Boris Johnson said colonialism in Africa should never have ended and downplayed Britain’s role in the slave trade, an article written by the prime minister while he was a Tory MP reveals.
Critics are urging Mr Johnson to explain whether he still holds the views expounded in the 2002 piece, where he argued that Africans would not have grown the right crops for export without British direction.
“The continent may be a blot, but it is not a blot upon our conscience,” he wrote. “The problem is not that we were once in charge, but that we are not in charge any more.”
The prime minister this week argued for the retention of controversial statues of slavers and British colonialists in UK cities, which he said should stay up because they “teach us about our past with all its faults”.
But the article, written while Mr Johnson was editor of The Spectator magazine, reveals that the prime minister in fact has held an active admiration for Britain’s colonial activities on the continent.

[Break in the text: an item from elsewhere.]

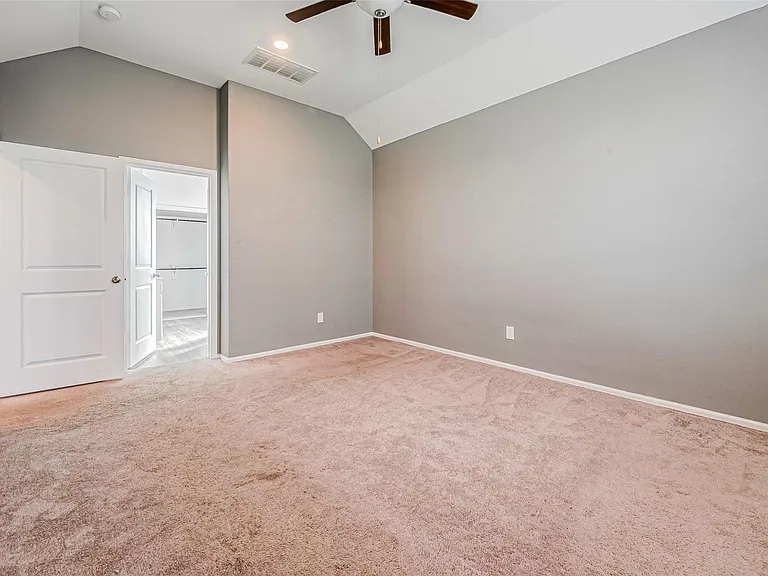 7603 Rainy Valley Ln — Photo 9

“Consider Uganda, pearl of Africa, as an example of the British record. Are we guilty of slavery? Pshaw. It was one of the first duties of Frederick Lugard, who colonised Buganda in the 1890s, to take on and defeat the Arab slavers,” Mr Johnson says in the piece.
“And don’t swallow any of that nonsense about how we planted the ‘wrong crops’. Uganda teems, sprouts, bursts with vegetation. You will find fruits rare and strange, like the jackfruit, hanging bigger than your head and covered with green tetrahedral nodules. Though delicately perfumed, it is, alas, more or less disgusting, and not even Waitrose is pretentious enough to stock it.”

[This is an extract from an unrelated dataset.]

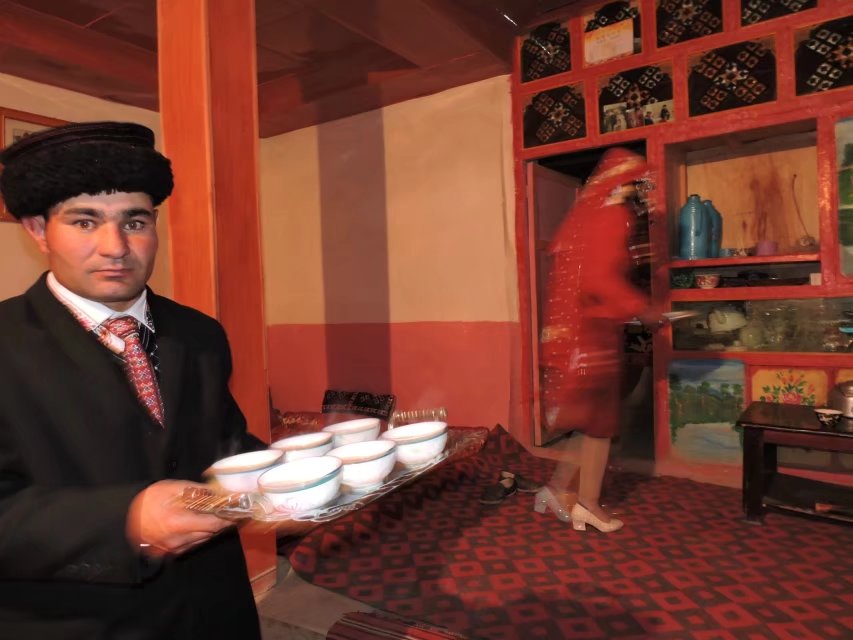 探秘帕米尔高原塔吉克族,帕米尔高原上的塔吉克族族人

He continues: “So the British planted coffee and cotton and tobacco, and they were broadly right. It is true that coffee prices are currently low; but that is the fault of the Vietnamese, who are shamelessly undercutting the market, and not of the planters of 100 years ago.
“If left to their own devices, the natives would rely on nothing but the instant carbohydrate gratification of the plantain … the colonists correctly saw that the export market was limited.”
Suggesting that one way to boost the economy of African countries would be for British tourists to holiday in them, Mr Johnson wrote: “The best fate for Africa would be if the old colonial powers, or their citizens, scrambled once again in her direction; on the understanding that this time they will not be asked to feel guilty.”
Boris Johnson’s spokesperson declined to comment on the article when approached by The Independent.
Opposition MPs urged the prime minister to consider his comments and explain whether they still represented his views today.
“Boris Johnson is the prime minister of the United Kingdom. The history of the UK, Windrush, empire, colonialism should be told with sobering accuracy,” Labour MP Dawn Butler told The Independent.
“In order to make sustainable progress we need the current PM who has power and privilege to reflect on what he has said and written.
“I urge the PM to review his previous articles, books and statements and to re-examine them through the brutal lynching that he watched of George Floyd and say whether he regrets anything of what he has said, done or written in the past.”
Ms Butler said it was important not to “misrepresent or whitewash history”, adding: “This Etonian attitude affects everyone who is not in that inner circle, no matter your colour. Instead of viewing history through rose-tinted glasses maybe it is time to look at history through the lenses of a very visible modern-day lynching.”
The shadow secretary of state for women and equalities, Marsha de Cordova, said: “Boris Johnson’s past comments are an example of why we need to educate people about the impact of colonialism.
“The legacy of British colonialism and its role in the slave trade is a scar on our society. To infer this is something to be proud of, and that African countries are worse off because they are no longer ruled by the empire, is an insult to millions.”
Christine Jardine, Liberal Democrats’ equalities spokesperson, said: “It is vital that the prime minister today makes clear that the language he may have used and comments made in the past are no longer reflective of his views.
“Across the UK there is a collective discussion happening on how as a nation we deal with our history and the racism and prejudice that is part of that. It is the prime minister’s duty to show leadership on this.
“We need to do more to tackle racism in the UK and if we truly want to change society, we must eradicate the existing injustice. Liberal Democrats are clear that we want to see a government-wide plan to tackle Bame inequalities so that we can finally enact change for all those fighting for justice and equality.”